I'M NOT A PRO BUT LOOKS LIKE P.TERNETZI...


----------



## 2PiRaNhA~2FuRrY (Nov 1, 2005)

diffinetly not a black rhom for sure, could be a Tern, or pygo are in a stage that showing a breeding color.


----------



## Grosse Gurke (Jan 3, 2003)

Looks like orange in they eye...I would say nattereri (redbelly).


----------



## BUBB$ (May 8, 2006)

IF YOU BOUGHT THIS AT THE LFS, THEY'LL SAY ANYTHING JUST TO GET THEM OFF THIER HANDS. THEY'LL SAY BLACK PIRANHA JUST BECAUSE IT'S KINDA DARK. BUT THE COMMON NAME "BLACK PIRANHA" IS USE FOR "SERRA. RHOMBEUS" NOT THE "PYGO" THAT IS IN THE PICTURE.


----------



## a-ronn (Jun 12, 2006)

Looks like a red with breeding colors to me how much did you pay for that thing ?


----------



## hastatus (Jan 16, 2003)

Pygocentrus nattereri.
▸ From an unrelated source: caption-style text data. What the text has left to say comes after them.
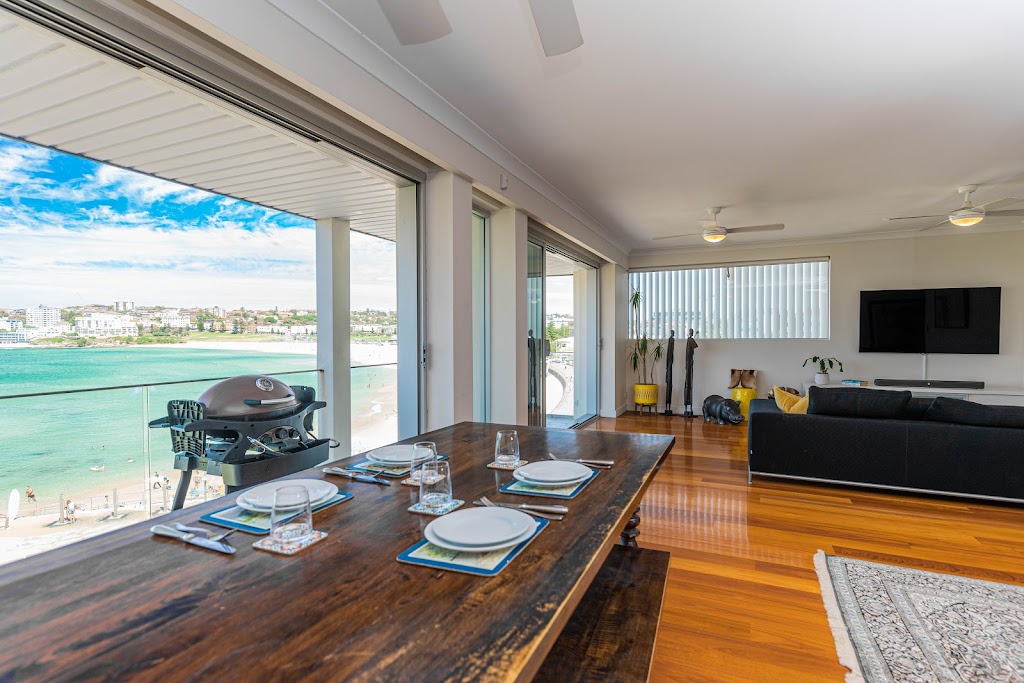 AU Smart Rentals | 22/24 Military Rd, North Bondi NSW 2026, Australia | Phone: 0451 440 777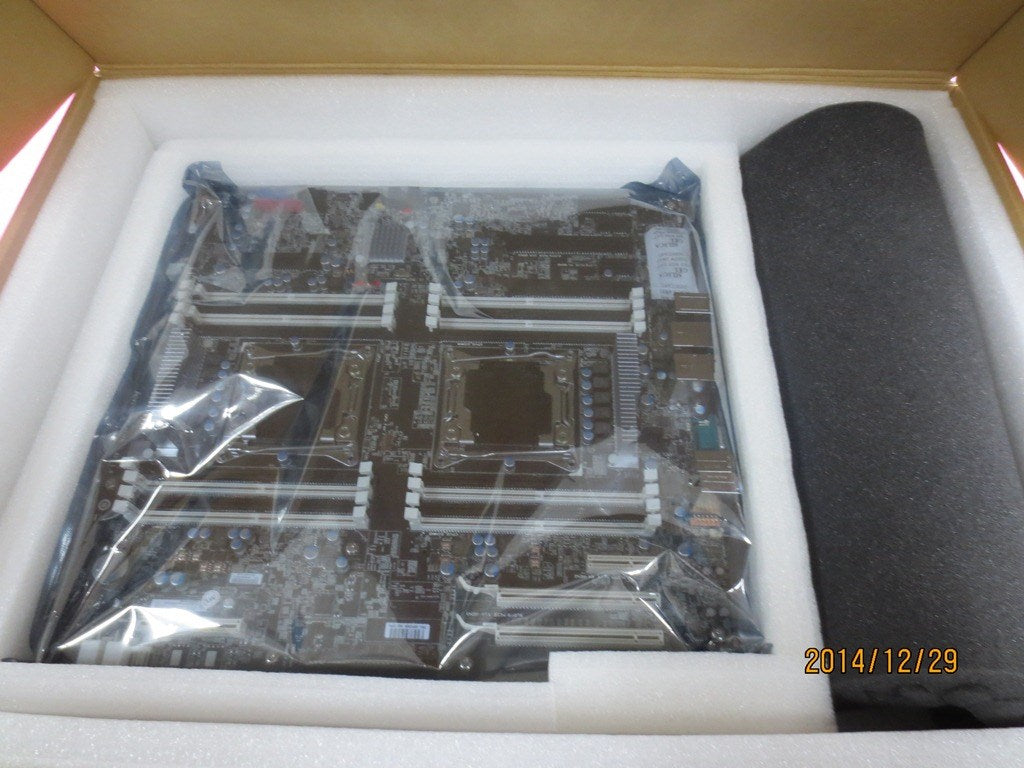 Lenovo Replacement Part - 00Fc856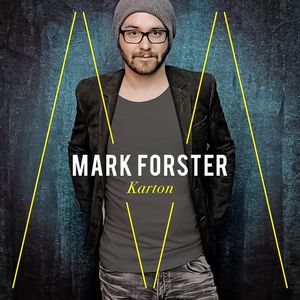 Karton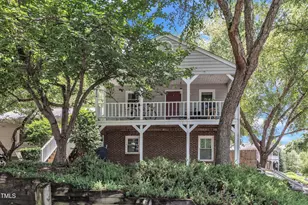 114 Drummond Pl, Cary, NC 27511 - Photo 25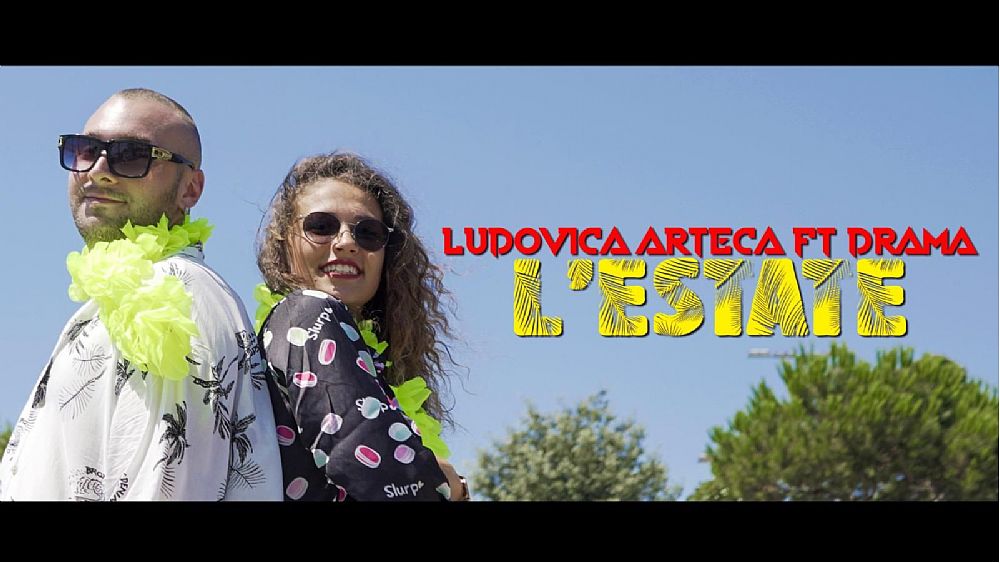 31082020 Ludovica Arteca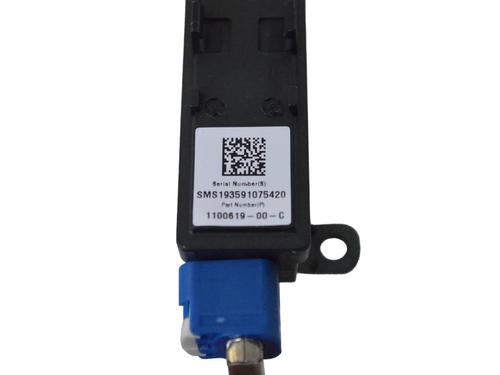 Camera TESLA MODEL 3 (5YJ3) EV Performance AWD | BP33366402E14  - Image 5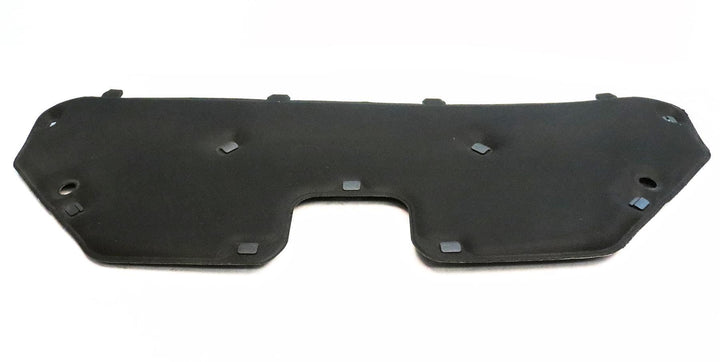 FOCUS FRONT BODY INSULATOR PAD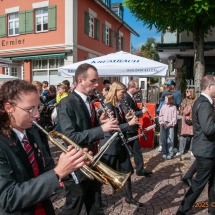 Aulendorf-75-Jahre-Stadtrecht-0075-Festsonttag Aulendorf-75-Jahre-Stadtrecht-0075-Festsonttag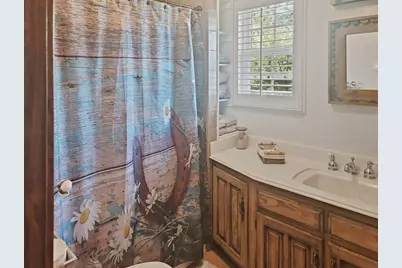 713 Ross Trail, Arlington, TX 76012 - Photo 7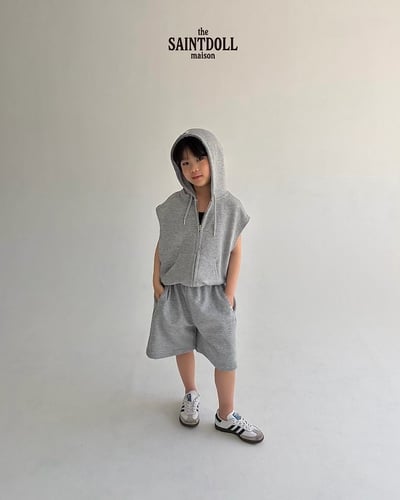 042638連帽背心(兩色)4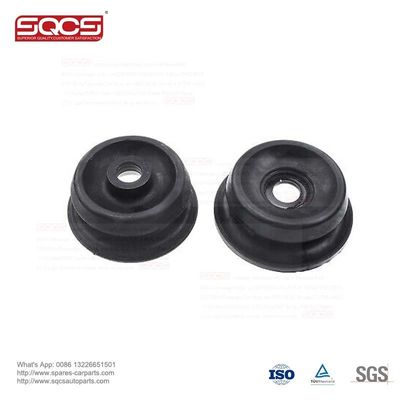 Upgrade Your Mercedes Sprinter W901-W905 Models with SQCS Strut Mount Upper L/R OE 9013230085 Picture Showing and Smooth Ride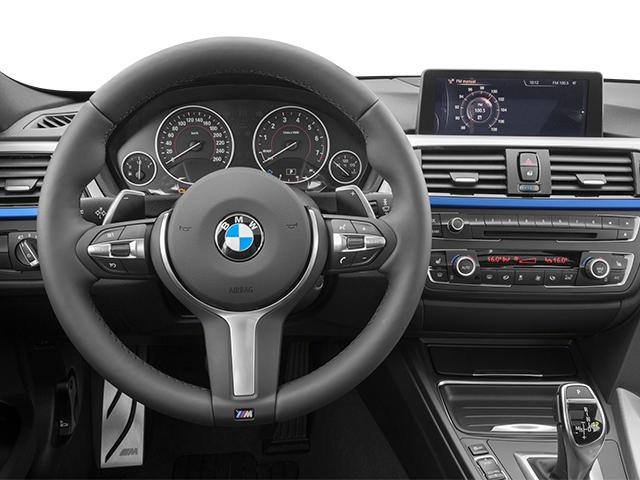 2014 BMW 328d xDrive Vehicle Photo in Grapevine, TX 76051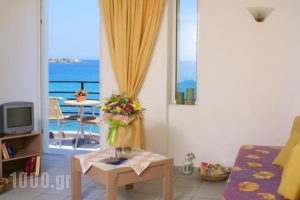 Alia Club Beach Hotel-Apartments_holidays_in_Apartment_Crete_Heraklion_Chersonisos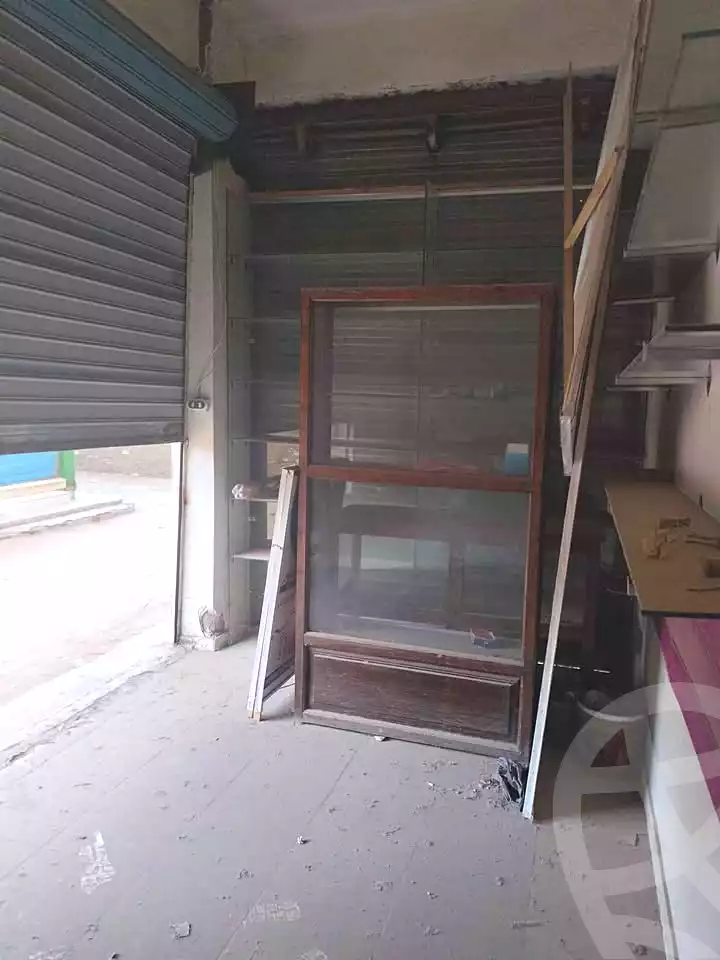 https://aqarmap.com.eg/ar/listing/7292760-for-sale-alexandria-mntq-fr-y-blskndry-el-awayed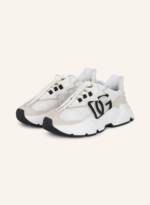 DOLCE & GABBANA Sneaker DAYMASTER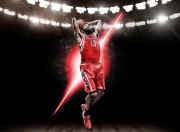 开云体育入口-双重奇迹夜，维尼修斯爆发破纪录，罗马压哨绝杀毕尔巴鄂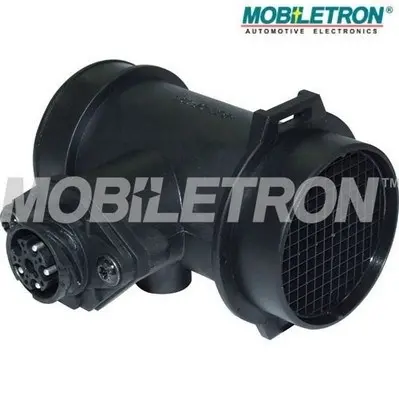 Датчик массового расхода повітря MOBILETRON MA-B050 (фото 1)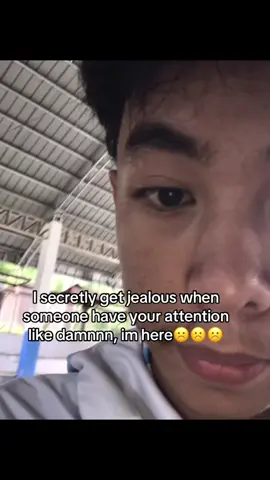 lahat pinag seselosan ko boi!! #fyp #jealous #selos #epwaypi #foryou 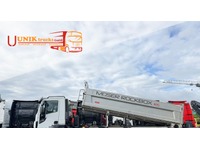 UNIK8334_2912819 vehicle image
The quality of the photo does not allow me to say that it is "ternetzi".


----------



## GoJamieGo (Mar 18, 2005)

Looks like a ordinary RBP...... Sorry but I think you got hosed.


----------



## taylorhedrich (Mar 2, 2005)

Yes, it's just any ol' plain Pygocentrus nattereri. I'm afraid to ask how much you paid for it...


----------



## altimaser (Jul 10, 2006)

that is definately a Red Belly


----------



## PiranhasRock62 (Jun 25, 2006)

100


----------



## taylorhedrich (Mar 2, 2005)

Eyad said:


> 100


Then my guess is that they knew it wasn't a black piranha, because if they believe it really was a black piranha, they would have charged you a lot more.
~Taylor~


----------



## bob351 (Oct 23, 2005)

i think its worth it if its a personable fish i woulda payed 75 for that fish


----------